> [Task to complete]: Copy out the data from the line containing "Volkswagen Golf VIII" to its last line, exactly. No pictures.

> [Data in this exercise]:
• • • •

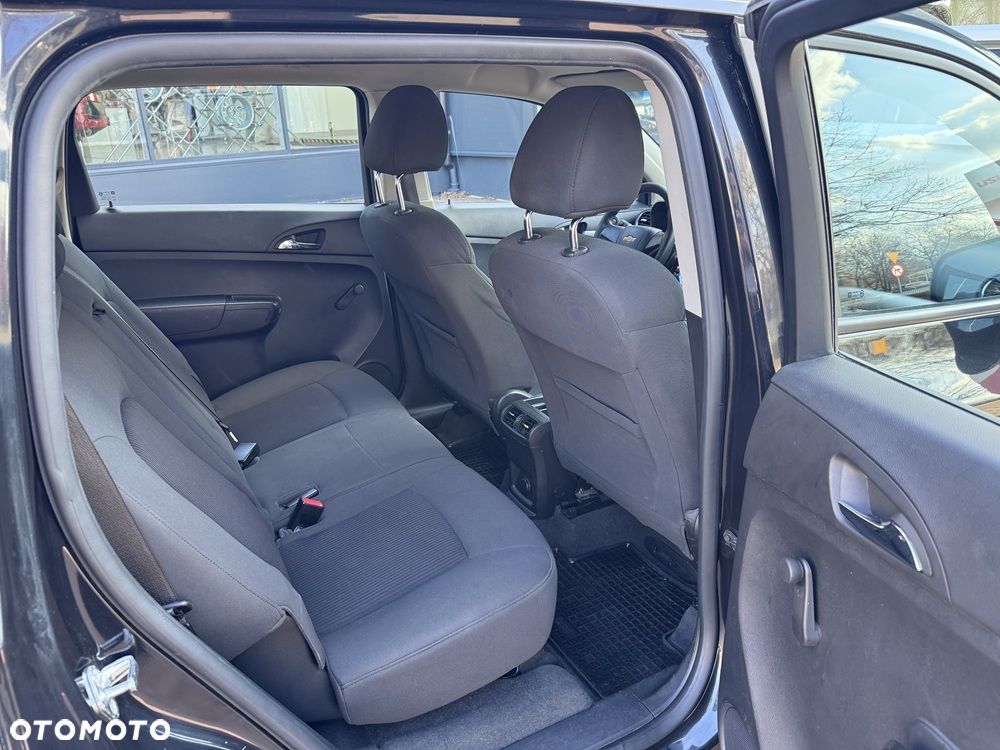 Chevrolet Orlando - 17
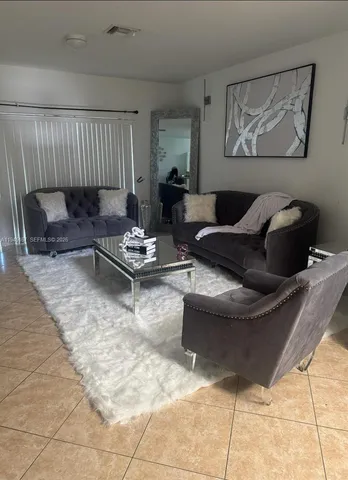 $315,000 | 501 Talia Circle, Palm Springs, FL 33461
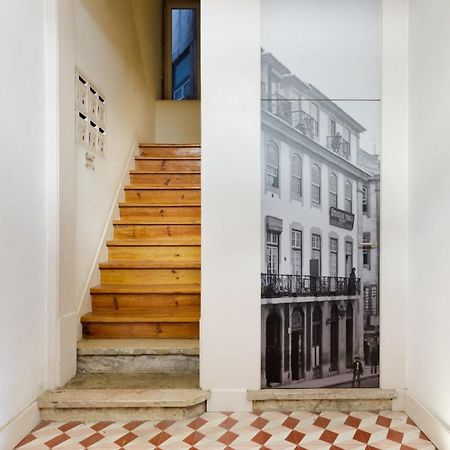 Update Urban Chic Flat In 19Th Century Building 2 Bedrooms & 2 Bathrooms & Ac Central Alfama District Лиссабон Экстерьер фото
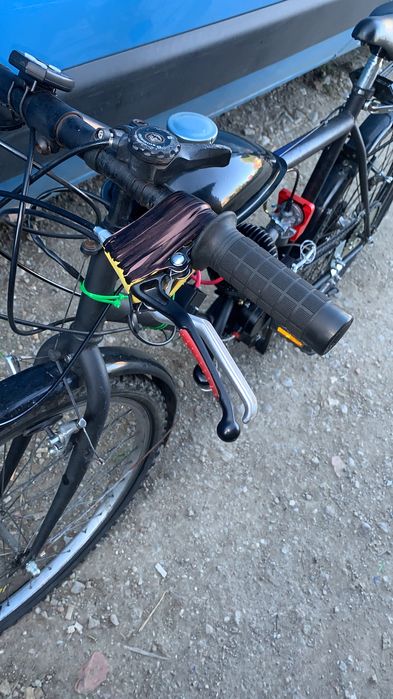 Vând bicicleta cu motor 100cc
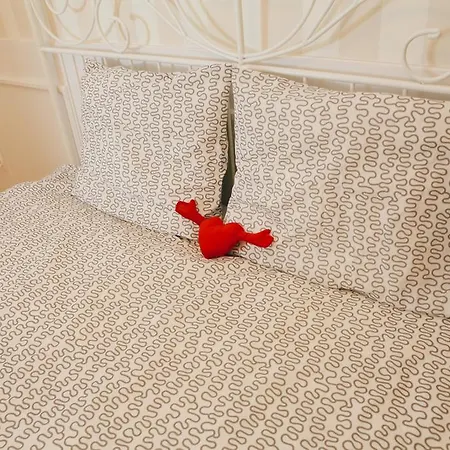 Hello Puli Parliament Pensiune 3*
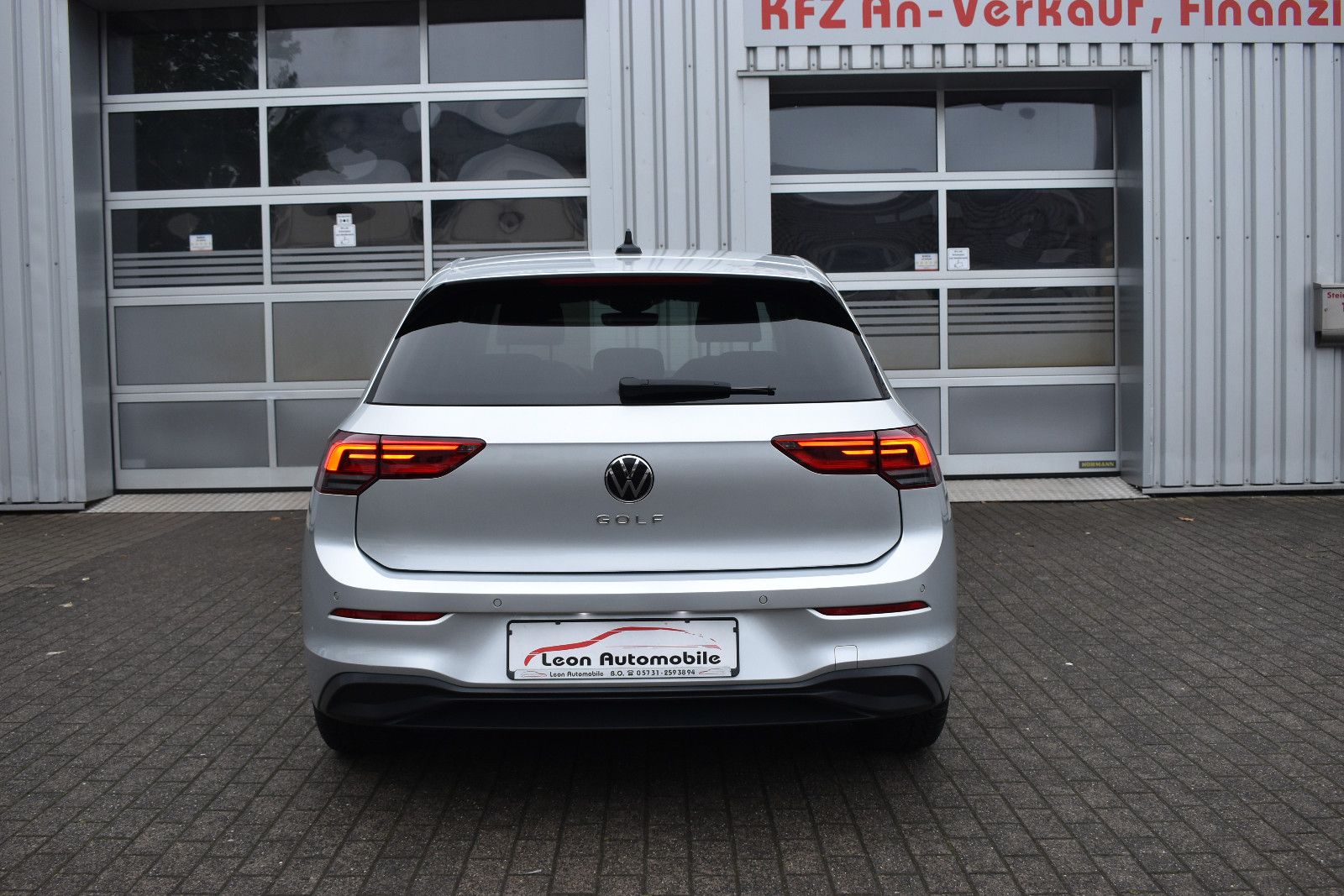 Volkswagen Golf VIII Life - Samsaru's Car Outlet
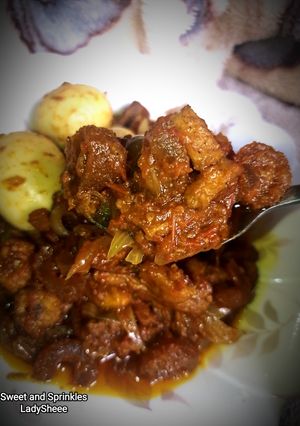 A picture of Plantain and kpomo sauce.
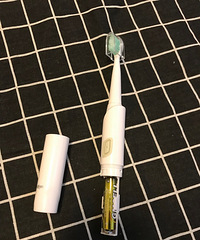 10多块钱买到的电动牙刷竟还挺好用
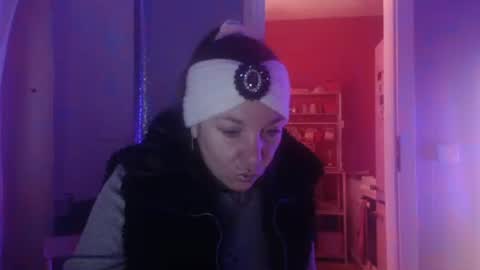 Snapshot of melli23 chatting on February 9, 2026, 4:44 pm Melli online show from February 9, 2026, 4:44 pm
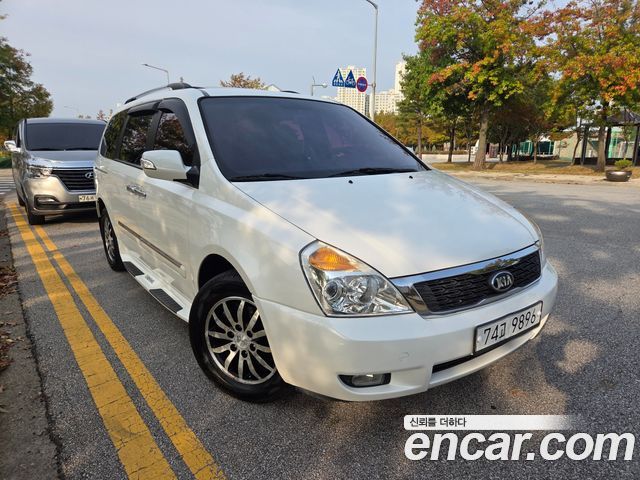 Kia Canival 2013 — photo 3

• • • •

> [Your solution]:
 Volkswagen Golf VIII Life - Samsaru's Car Outlet
 A picture of Plantain and kpomo sauce.
 10多块钱买到的电动牙刷竟还挺好用
 Snapshot of melli23 chatting on February 9, 2026, 4:44 pm Melli online show from February 9, 2026, 4:44 pm
 Kia Canival 2013 — photo 3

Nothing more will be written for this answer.